The Court today affirmed established legal precedent — on which both the Kentucky Attorney General and the Franklin Circuit Court relied — in ruling against KSP and in favor of Trageser's, and the public's, right to those investigatory notes and recommendations in the underlying investigation file adopted by the agency in imposing discipline or not imposing discipline.

The public policy supporting this holding is clear: the public must have access to the complaint (to identify the allegations of misconduct) and the final disciplinary action taken (to assess whether the "punishment fit the 'crime'"),

But the public must also have access to the investigative records confirming a thorough, fair, and unbiased investigation.

The court also "reject[ed] KSP's argument [that] KRS 61.878(1)(a) exempts from public disclosure the entirety" of an investigative file.

KRS 61.878(1)(a), the privacy exception to the open records law, has never been interpreted to authorize nondisclosure of records relating to public employee misconduct.

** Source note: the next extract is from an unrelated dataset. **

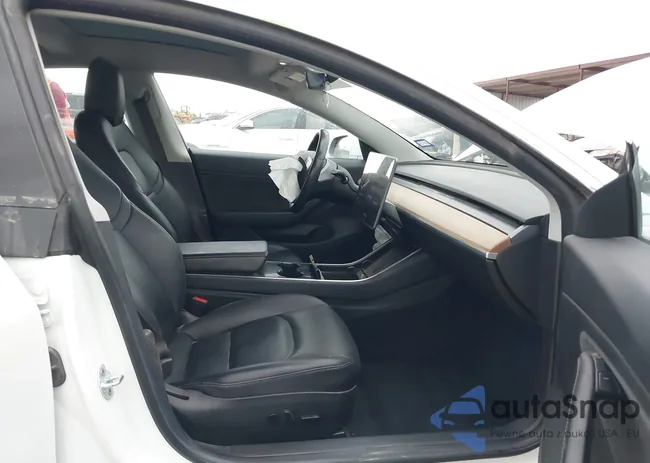 5YJ3E1EA7JF005818: 41902713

The court today reaffirmed that some personal information (the public disclosure of which would constitute a clearly unwarranted invasion of personal privacy) could be masked. The court determined that "social security numbers, driver's license numbers, home addresses, and phone numbers" could be redacted *but not the entire file.*

The public policy supporting this holding is equally clear: Public service is a public trust and public servants who breach that trust forfeit, to some extent, their privacy rights.

The public interest in confirming that the public agency properly discharged its duty to investigate, and take appropriate disciplinary action, outweighs any privacy interest that are implicated.

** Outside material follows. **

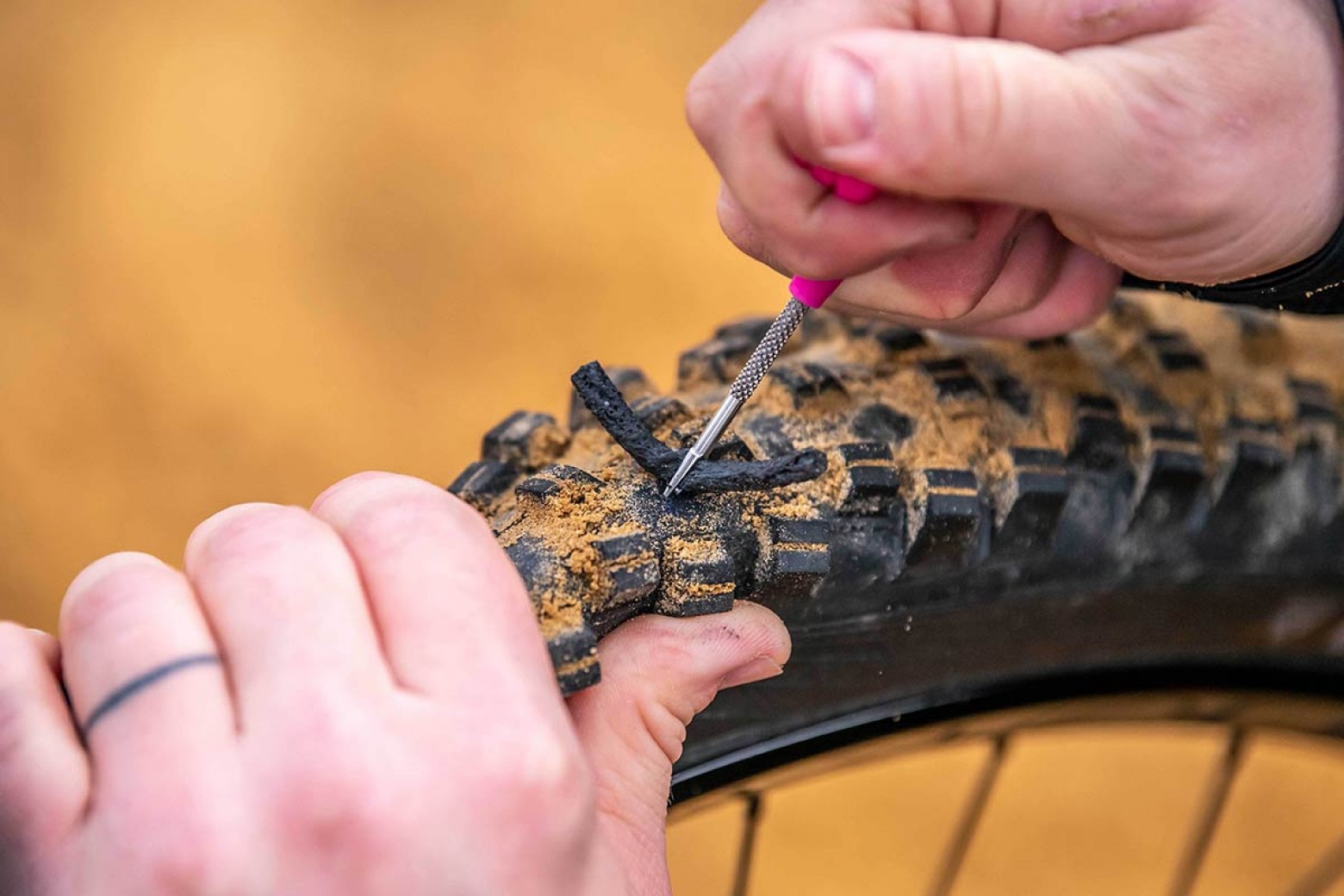 Cómo reparar neumáticos tubeless que no sellan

The Court of Appeals' opinion today is designated "Not To Be Published." This means that although it is the most recent case affirming well-entrenched legal precedent, *it* cannot be cited as precedent.

But in a curious twist, the court included a footnote inviting "[e]ither party [to] . . . move the Court of Appeals to publish the opinion notwithstanding the Court's designation," stating the reasons for urging publication.

It's most unlikely that KSP will do so, but nearly certain that Trageser will.

Today's victory comes on the heels of finalization of a Court of Appeals opinion — University of Kentucky v Lexington Herald-Leader —late last year. That opinion narrowed the scope of the preliminary documents exceptions by rejected UK's argument that records must be expressly incorporated into final action before they lose their preliminary characterization.

https://cases.justia.com/kentucky/court-of-appeals/2018-2017-ca-001423-…

The noose is tightening on agency abuse of the preliminary documents exceptions.

One other interesting side note.

The Attorney General's open records decision from which KSP took its appeal to the Franklin Circuit Court and the Court of Appeals was issued by *Attorney General* Andy Beshear in 2016.

https://ag.ky.gov/Priorities/Government-Transparency/orom/2016/16ORD106…

The question is, therefore: Will Governor Beshear support an executive branch agency's (KSP and the Justice Cabinet) decision to petition the Kentucky Supreme Court for discretionary review to reverse an open records decision, favoring Trageser's and the public's rights, that he issued as Attorney General?

Not a single dime of taxpayer money should, in our view, be spent pursuing this case any further.

Trageser did not seek and was not awarded attorneys' fees, costs, or penalties, but the efforts expended by the KSP legal staff have quantifiable monetary value. Let's not waste KSP's time and the associated taxpayer costs by exhausting all faint procedural hope and further delaying access to records first requested in 2015.

Clearly, Governor Beshear has matters of far greater importance on his mind. Then again, isn't securing the public's right to know of some importance — now and going forward?